42.İlk derece mahkemesinden sonra verilen karar mükellefin lehine olursa
Vergi dairesi ve mükellef tarafından yapılacak bir işlem yoktur. Bu durumda vergi dairesi tüm dava yollarını tüketinceye kadar istinaf ve temyiz yollarına gidecektir. Diğer bir ifadeyle idarenin, kendi aleyhine verilmiş kararı, tüm dava yollarını tüketmeden kabullenmesi mümkün değildir. Benzer durumda öncesinde bin tane davayı kaybetmiş olsa bile idare, istinaf veya temyiz yoluna, kaybedeceğini bile bile mutlaka gidecektir. Bu yolda devam ederken hem yargının hem idarenin bir yandan zamanı tüketilecek, bir yandan da idare vekalet ücreti ödemeye mahkum olacağından kamu zarara uğratılacaktır. Yeter ki istinaf ve temyiz yoluna gitmemek için kimse sorumluluk almak zorunda kalmasın, bundan dolayı soruşturma geçirmesin! Dolayısıyla bütün bu üst yargı yolları tüketilmeden yargı kararı kesinleşmiş olmaz.

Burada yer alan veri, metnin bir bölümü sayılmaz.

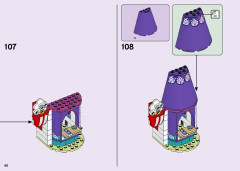 LEGO 41685 instructions page 66 – build guide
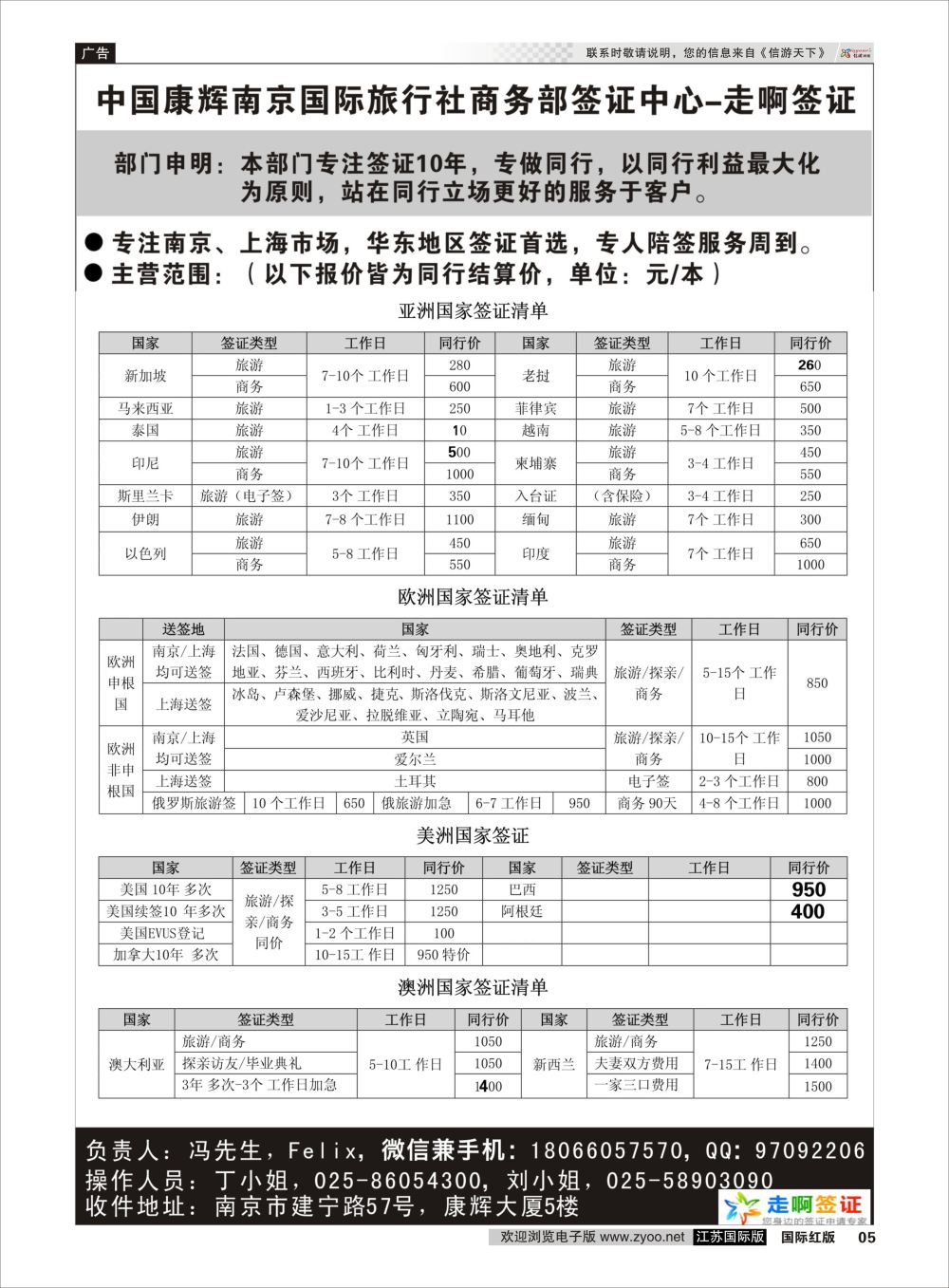 P5 中国康辉南京国际旅行社  签证专版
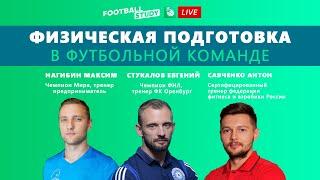 Вебинар №4  Футбольная наука. Основы физической подготовки в футбольной команде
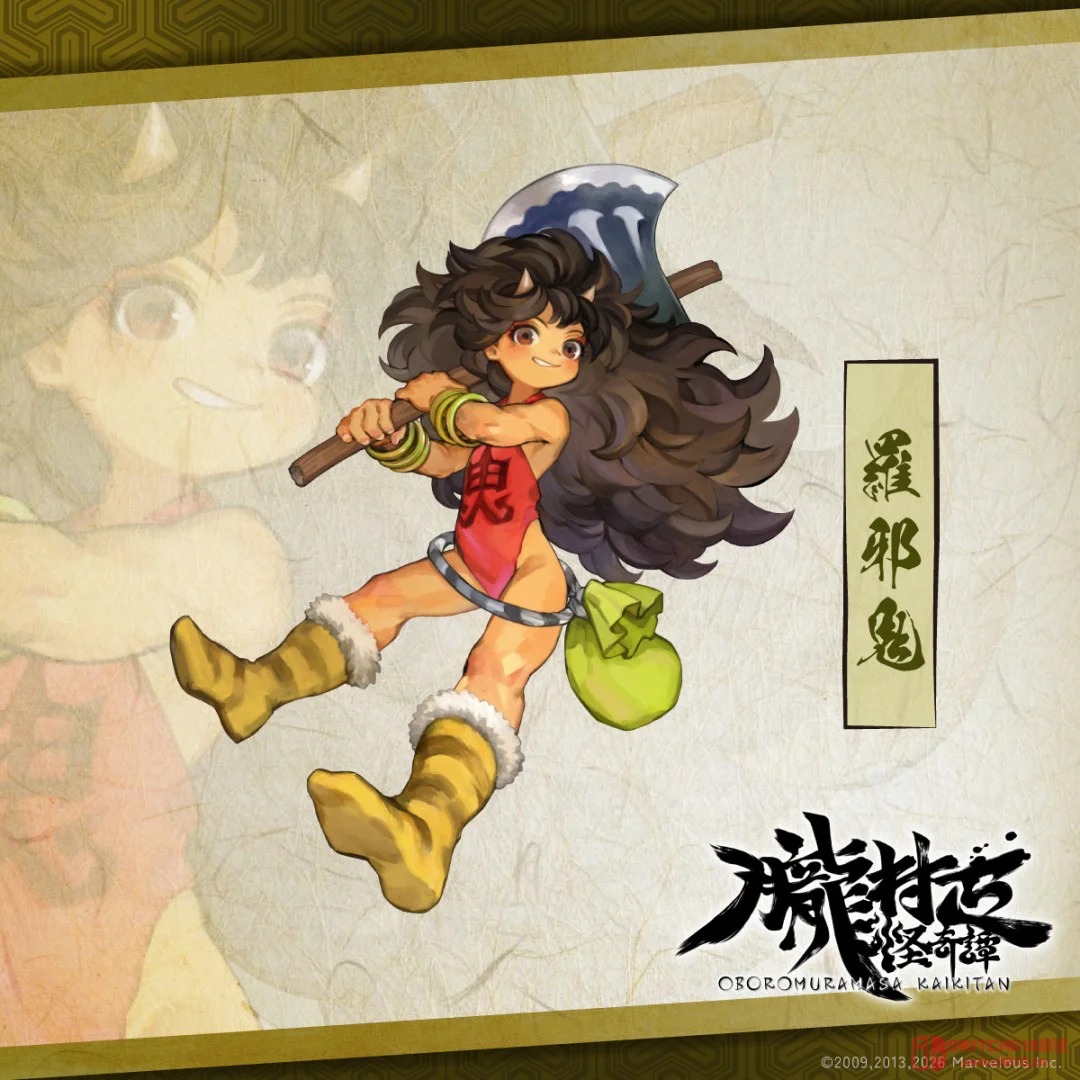 爷青回!《胧村正怪奇谭》角色立绘首曝,香草社这波操作我服! 爷青回!《胧村正怪奇谭》角色立绘首曝,香草社这波操作我服!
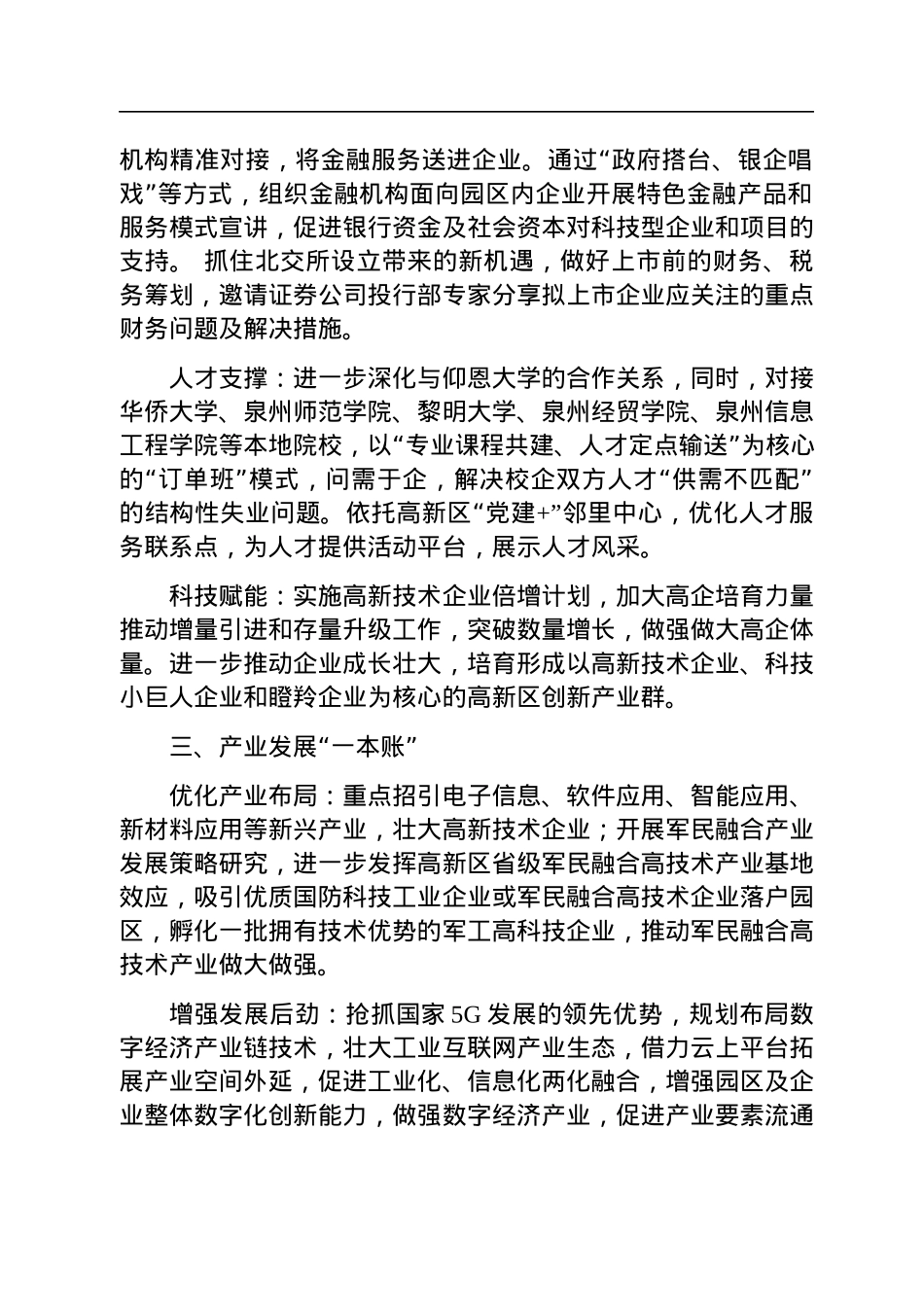 高新区2023年工作务虚会发言材料.docx_第2页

43.İlk derece mahkemesinde verilen karar mükellefin aleyhine olursa
İlk derece mahkeme kararını tebliğ alan İdare (vergi dairesi) mükellef hakkında 2 nolu vergi ceza ihbarnamesi düzenleyerek mükellefe tebliğ eder. Bu 2 nolu ihbarnamenin tebliğ alınması ile birlikte vergi artık tahakkuk etmiştir. Tahakkuk eden verginin (3T’nin tamamlanmasından sonra) tahsilat aşamasına geçilebilir. Bu noktadan itibaren mükellefin ödeme veya teminat göstererek taksitlendirme talep etmekten başka bir yolu bulunmamaktadır. Artık mükellefin uzlaşma ve vergi indirimi hakkı kalmamıştır. Bir üst mahkemeden mükellef lehine olumlu karar çıkana kadar mevcut durumda olumlu bir değişiklik olmayacaktır. İlk derece kararından sonra mükellef istinaf yoluna gitmediği, bu hakkını kullanmadığı takdirde yargı kararı ve vergi kesinleşmiş olur.
Mükellefin istinaf mahkemesinden bozma kararı alması halinde, ilk derece vergi mahkemesi kararına istinaden yapılan 2 nolu vergi ceza ihbarnamesi ve buna bağlı verginin tahakkuku işleminin hukuki dayanağı artık ortadan kalkacağından, ilk dava açıldığı duruma geri dönülmüş olacaktır.
44.İlk derecede kaybettikten sonra istinaf veya temyiz dava aşamalarında mükellef lehine sonuç alınabilir mi?
İlk derece vergi mahkemeleri verecekleri kararda, hem kendi hem de Bölge İdare Mahkemeleri ve Danıştay’ın önceden vermiş olduğu kararları emsal alırlar. Dolayısıyla üst mahkemeden döneceğini, bozulacağını bile bile vergi mahkemeleri karar vermezler. Bu sebeple mükellef hakkında ilk derecede lehe veya aleyhe verilen kararların değişmesi biraz zordur. Adalet Bakanlığının yayınlamış olduğu istatistiklere göre, 2019 yılında yapılan toplam 46.284 istinaf başvurusunun 36.935’i yani %80’i Bölge İdare Mahkemeleri tarafından reddedilmiştir. Bu istinaf başvurularının davacı ve davalılar tarafından yapıldığı unutulmamalıdır.
Bununla birlikte gri alanlarda, yeni mevzuat değişikliklerine bağlı olarak, emsal kararın bulunmadığı, yargı genel içtihadının tam oluşmadığı durumlarda istinaf ve temyiz aşamalarında farklı sonuçlar alınması son derece normaldir.